The power of music in the overall effect a film can have on us is often underestimated. Jonny Greenwood of Radiohead’s score for There Will Be Blood is a perfect example…

We hear the harsh sounds of a string orchestra. As the score slowly crescendos, we see a vast desert landscape with nothing in either direction. In 20 seconds, the scene is set. For nearly 15 minutes not a word is uttered, yet through a series of long tracking shots the action and story are propelled at an engrossing pace. Accompanied by a persistent and haunting score, the world of Daniel Plainview and There Will Be Blood is revealed, and from the onset we start to realise the epic journey we’re about to embark on.

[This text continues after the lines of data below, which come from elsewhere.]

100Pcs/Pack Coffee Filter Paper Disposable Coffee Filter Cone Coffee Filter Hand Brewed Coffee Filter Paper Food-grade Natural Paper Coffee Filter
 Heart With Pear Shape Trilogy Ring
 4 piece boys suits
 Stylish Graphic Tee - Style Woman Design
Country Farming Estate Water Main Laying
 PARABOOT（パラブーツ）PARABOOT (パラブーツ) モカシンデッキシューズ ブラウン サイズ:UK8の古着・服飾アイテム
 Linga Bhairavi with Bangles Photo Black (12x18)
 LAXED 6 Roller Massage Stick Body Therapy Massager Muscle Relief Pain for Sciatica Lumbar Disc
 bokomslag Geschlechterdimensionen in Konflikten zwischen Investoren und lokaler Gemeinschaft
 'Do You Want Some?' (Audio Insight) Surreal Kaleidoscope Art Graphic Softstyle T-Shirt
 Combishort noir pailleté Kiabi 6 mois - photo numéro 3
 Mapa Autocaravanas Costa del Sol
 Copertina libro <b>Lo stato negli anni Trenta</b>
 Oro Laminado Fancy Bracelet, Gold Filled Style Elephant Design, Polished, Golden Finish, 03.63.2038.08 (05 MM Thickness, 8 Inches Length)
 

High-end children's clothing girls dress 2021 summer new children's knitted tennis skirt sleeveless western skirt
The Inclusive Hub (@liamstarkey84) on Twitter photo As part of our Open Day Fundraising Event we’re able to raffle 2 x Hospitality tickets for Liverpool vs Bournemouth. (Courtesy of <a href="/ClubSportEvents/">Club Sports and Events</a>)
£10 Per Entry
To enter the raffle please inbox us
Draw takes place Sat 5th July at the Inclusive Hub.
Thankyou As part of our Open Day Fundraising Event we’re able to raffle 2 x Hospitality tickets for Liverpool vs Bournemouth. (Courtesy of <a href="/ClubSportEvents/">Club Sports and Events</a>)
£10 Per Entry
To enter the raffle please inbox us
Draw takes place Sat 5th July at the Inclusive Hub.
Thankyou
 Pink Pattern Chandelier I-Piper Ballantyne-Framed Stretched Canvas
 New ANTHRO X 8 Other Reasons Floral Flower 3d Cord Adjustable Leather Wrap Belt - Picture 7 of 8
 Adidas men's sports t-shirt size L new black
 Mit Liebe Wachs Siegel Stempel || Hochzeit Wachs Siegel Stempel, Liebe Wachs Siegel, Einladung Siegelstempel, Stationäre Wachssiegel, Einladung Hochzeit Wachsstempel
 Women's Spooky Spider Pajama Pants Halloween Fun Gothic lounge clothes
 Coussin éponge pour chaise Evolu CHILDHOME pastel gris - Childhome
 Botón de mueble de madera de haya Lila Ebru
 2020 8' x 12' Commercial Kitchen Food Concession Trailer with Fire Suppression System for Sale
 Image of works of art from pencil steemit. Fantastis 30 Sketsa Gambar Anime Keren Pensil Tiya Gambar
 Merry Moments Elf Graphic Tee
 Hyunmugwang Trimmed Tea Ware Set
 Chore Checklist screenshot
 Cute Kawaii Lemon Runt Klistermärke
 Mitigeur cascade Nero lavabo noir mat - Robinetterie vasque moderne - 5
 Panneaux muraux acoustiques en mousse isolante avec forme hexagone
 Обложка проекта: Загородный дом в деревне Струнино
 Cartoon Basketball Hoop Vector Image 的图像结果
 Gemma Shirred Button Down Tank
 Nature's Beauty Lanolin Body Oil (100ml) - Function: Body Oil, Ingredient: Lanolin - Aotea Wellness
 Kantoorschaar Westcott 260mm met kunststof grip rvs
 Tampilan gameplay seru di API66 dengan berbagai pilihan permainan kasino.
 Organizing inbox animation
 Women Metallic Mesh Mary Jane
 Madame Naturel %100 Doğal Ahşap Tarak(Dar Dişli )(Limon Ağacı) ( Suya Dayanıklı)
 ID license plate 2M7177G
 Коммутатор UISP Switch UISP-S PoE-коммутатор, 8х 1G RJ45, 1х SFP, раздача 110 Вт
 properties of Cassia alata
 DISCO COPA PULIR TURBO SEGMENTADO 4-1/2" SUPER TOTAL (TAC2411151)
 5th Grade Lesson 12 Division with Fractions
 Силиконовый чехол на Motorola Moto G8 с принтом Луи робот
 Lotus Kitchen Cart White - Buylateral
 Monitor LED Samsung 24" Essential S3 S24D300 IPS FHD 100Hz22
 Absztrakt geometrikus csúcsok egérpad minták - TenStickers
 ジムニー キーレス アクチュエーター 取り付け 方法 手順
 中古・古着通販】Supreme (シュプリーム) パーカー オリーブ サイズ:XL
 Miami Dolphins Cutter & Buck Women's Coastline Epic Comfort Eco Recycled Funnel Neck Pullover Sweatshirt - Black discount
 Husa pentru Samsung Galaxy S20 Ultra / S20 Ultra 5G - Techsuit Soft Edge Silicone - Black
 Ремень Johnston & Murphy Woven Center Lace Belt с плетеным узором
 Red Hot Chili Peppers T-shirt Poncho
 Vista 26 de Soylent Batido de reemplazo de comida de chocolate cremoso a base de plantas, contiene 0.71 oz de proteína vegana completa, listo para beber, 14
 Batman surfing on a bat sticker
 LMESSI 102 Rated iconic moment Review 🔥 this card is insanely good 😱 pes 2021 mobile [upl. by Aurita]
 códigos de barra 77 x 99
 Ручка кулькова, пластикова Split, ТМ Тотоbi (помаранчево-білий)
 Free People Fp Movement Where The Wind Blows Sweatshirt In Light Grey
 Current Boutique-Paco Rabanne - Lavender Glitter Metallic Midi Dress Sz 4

Oscar-nominated director PT Anderson (Boogie Nights, Magnolia) has made a career of creating visual masterpieces backed by a brilliant score and music. There Will Be Blood is no exception. Under the direction of acclaimed Radiohead guitarist, Jonny Greenwood, the score is as complex and challenging as the film itself. And Oscar-winning director of photography Robert Elswit had his work cut out for him in creating an eerie canvas of wide-open spaces where darkness doesn’t just bubble underground, but above it as well.

Shot in Marfa, Texas, There Will Be Blood looks like it was pulled directly out of a sepia-toned photograph. At first glance everything may appear normal, but the pictures don’t tell the whole truth. Relying on wide angles and long tracking shots, the magnitude and vastness of the desert takes centre stage, becoming one of the film’s most unforgiving characters.

The cinematography, full of barren landscapes and sprawling vistas, serves to balance the tight cramped space of the oil derrick; just as the slow and methodical camera work balances the chaos of Little Boston.

With a cornucopia of stringed instruments, like the violin, cello and even piano, the sound results in a brooding, frenetic arrangement, that beautifully captures the simple lives of those in Little Boston.

In There Will Be Blood, some of the most revealing moments occur when there is no dialogue at all. With all the great speeches and monologues that Daniel Plainview (Daniel Day-Lewis) and Eli Sunday (Paul Dano) give in the film, it’s often during the quieter, more reflective moments that we learn most about them. The music not only reflects how they are feeling, but sometimes even informs them. Serving as a pseudo-narrator, the repetitive and striking sounds rise and fall with the story, adding a layer of intrigue to the action. The rhythm of brass and percussion instruments echo the sounds of the oil machinery, while when the orchestra is at full-steam it seems to parallel Plainview’s descent into madness.